Sorcerer's Apprentice syndrome

Last updated January 28, 2025

Sorcerer's Apprentice syndrome (SAS) is a network protocol flaw in the original versions of TFTP. It was named after Goethe's 1797 poem "Der Zauberlehrling" (popularized in the US by the "Sorcerer's Apprentice" segment of the 1940 animated film Fantasia ), because the details of its operation closely resemble the disaster that befalls the sorcerer's apprentice: the problem resulted in an ever-growing replication of every packet in the transfer.

Technical background

TFTP operates in simple lock-step: there is only ever one packet outstanding at any time, and every packet received by either party caused one packet to be sent in reply (until the termination of the transfer). The TFTP specification said that any time any packet was received, the receiver was required to send the appropriate reply packet. Thus, the receipt of a block of data triggered the sending of an acknowledgement, and the receipt of an acknowledgement triggered the sending of the next data block.

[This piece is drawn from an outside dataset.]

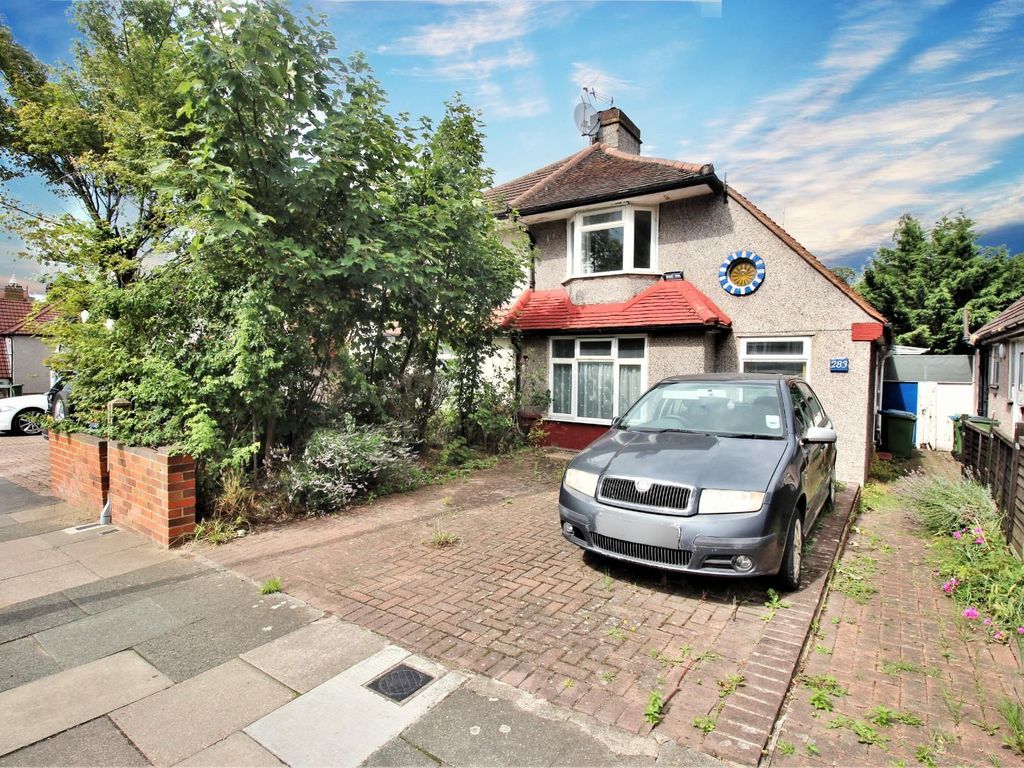 3 bed property for sale in Wickham Lane, London SE2 Zoopla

TFTP also, like all protocols designed to operate across an unreliable network, includes timeouts. After sending a packet, it expects a reply, so it starts a timer. If the timer expires with no reply received, it takes some action; typically re-sending the original packet.

Details

SAS occurred when a packet was not lost in the internetwork, but rather simply delayed, and later successfully delivered, after a timeout had occurred (on either side).

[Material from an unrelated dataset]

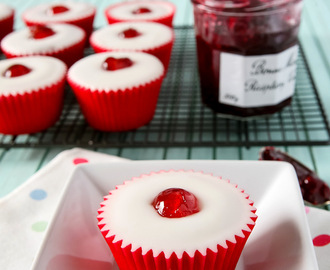Cherry Bakewell Cupcakes / OXO Giveaway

The timeout causes a second copy of the previous packet to be sent to replace the "lost" packet. However, the first copy was not lost, and since, according to the TFTP specification, receipt of any packet always forced the generation of a reply packet, two replies were generated (one to each copy). Those forced the generation of two replies to them, and so on. A typical scenario was as follows:

Computer S (source) sends data block X to computer D (destination)
Computer D receives block X, and sends an acknowledgement for X back to S
The packet containing the acknowledgement for X is delayed in the internetwork
Computer S times out, and resends data block X to D
Computer S receives the delayed acknowledgement for X, and sends data block X+1
Computer D receives the second copy of block X, and sends another acknowledgement for X back to S
Computer D receives block X+1, and sends an acknowledgement for X+1 back to S
Computer S receives the second acknowledgement for X, and sends a second copy of data block X+1
Computer S receives the acknowledgement for X+1, and sends data block X+2
Computer D receives the second copy of block X+1, and sends another acknowledgement for X+1 back to S
Computer D receives block X+2, and sends an acknowledgement for X+2 back to S

It will be seen that at this point the situation is now stable, and repeats; every packet from then on is duplicated (that is, two identical copies are sent across the internetwork).

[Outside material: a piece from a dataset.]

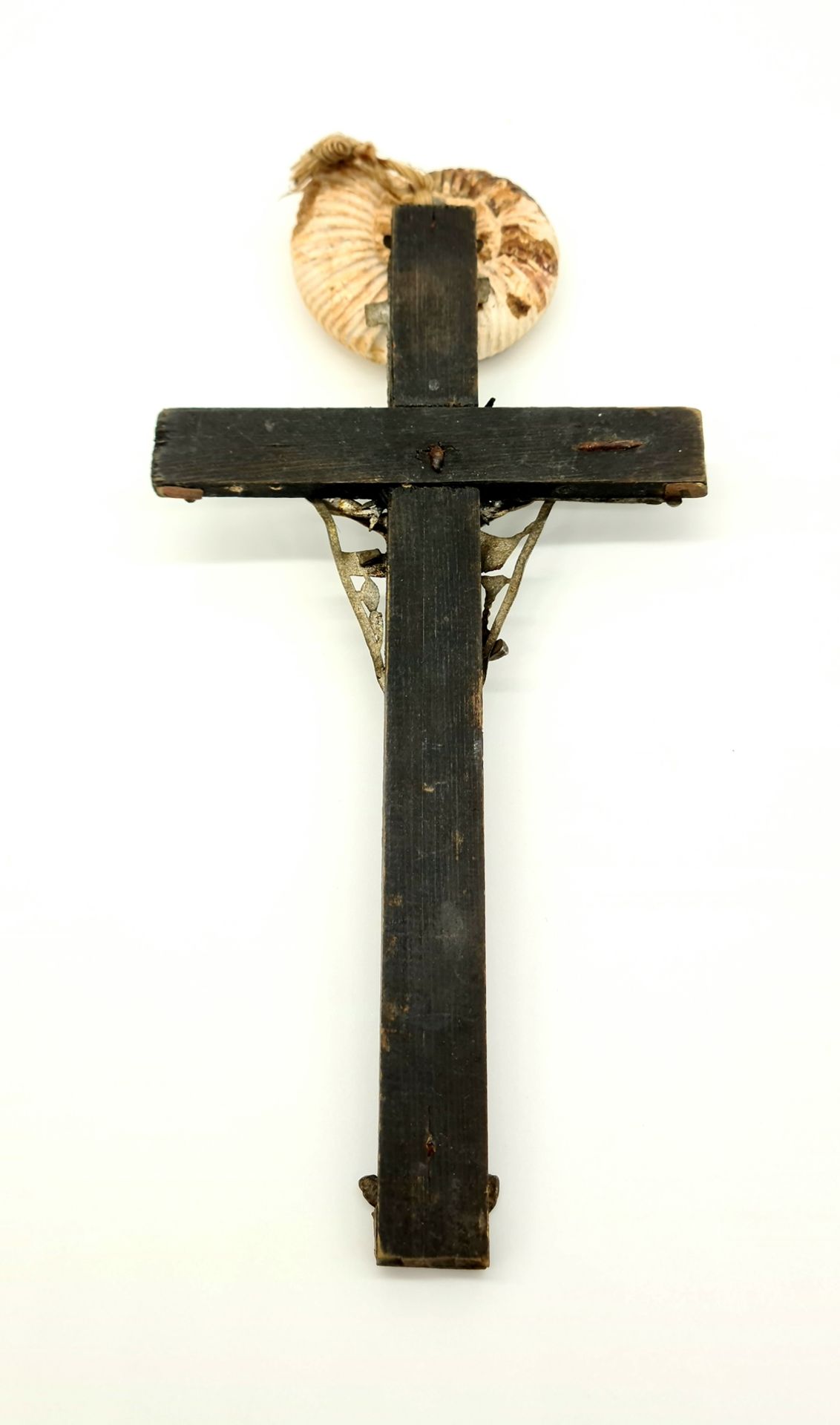 Kruzifix , Zinn auf Holz, um 1800, Größe: 19x10cm, - Image 3 of 3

Even worse, the increased number of packets being sent around the internetwork was likely to cause congestion, which was likely to cause a packet to be delayed past the timeout yet again, which would then cause yet another duplicate packet to be generated by a timeout, and from then on a third copy of each packet would be sent. Needless to say, at that point, the situation would usually snowball, and further copies would be generated — hence the name given to this pattern of behaviour.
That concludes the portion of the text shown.